§ ASSIGNED TASK: Skip the pictures and copy all the data that follows exactly.

§ PROVIDED MATERIAL:
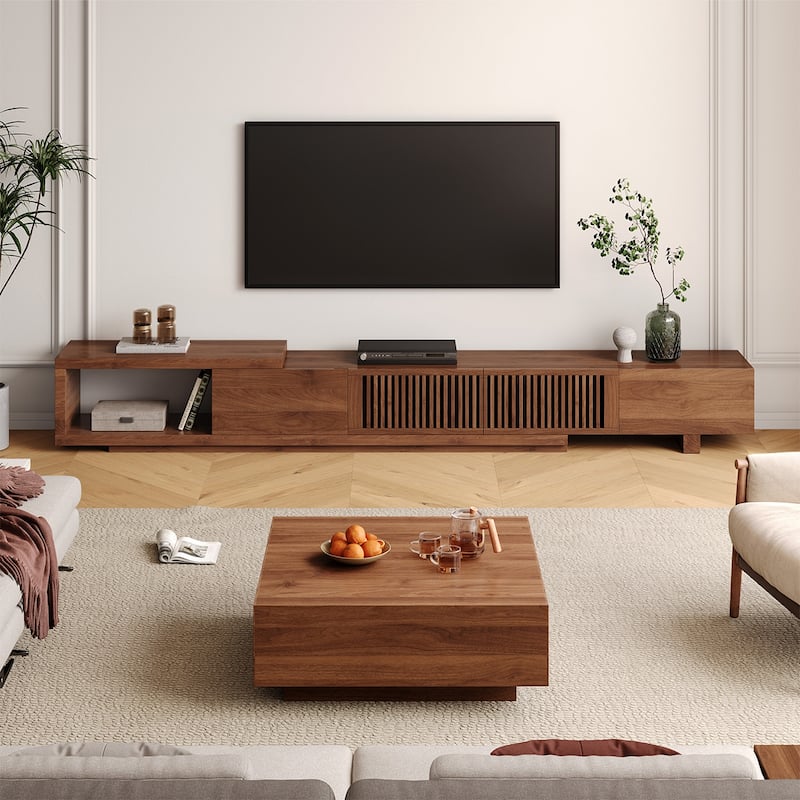 Modern Retractable & Extendable TV Stand with 4 Drawers, Up to 103 Inches - 78.54"D x 15.74"W x 13.78"H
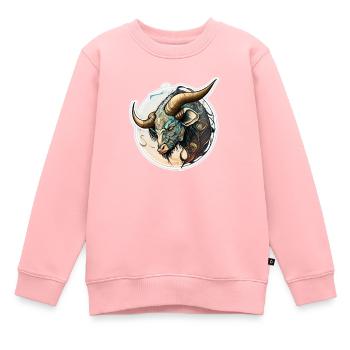 Stier Büffel - Kinder Premium Organic Sweatshirt - Rosa - Vorne - AI Model Kid Female (0cm)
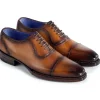 Clearance Paul Parkman Goodyear Welted Cap Toe Oxfords Burnished Camel BurnishedCamel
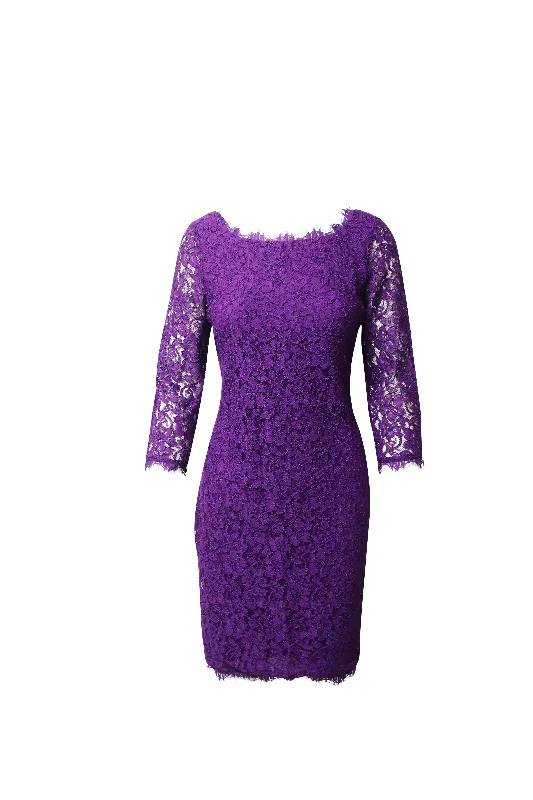 Everyday Glamour Diane Von Furstenberg Lace Dress in Purple Viscose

§ ANSWER FOR THIS EXERCISE:
 Modern Retractable & Extendable TV Stand with 4 Drawers, Up to 103 Inches - 78.54"D x 15.74"W x 13.78"H
 Stier Büffel - Kinder Premium Organic Sweatshirt - Rosa - Vorne - AI Model Kid Female (0cm)
 Clearance Paul Parkman Goodyear Welted Cap Toe Oxfords Burnished Camel BurnishedCamel
 Everyday Glamour Diane Von Furstenberg Lace Dress in Purple Viscose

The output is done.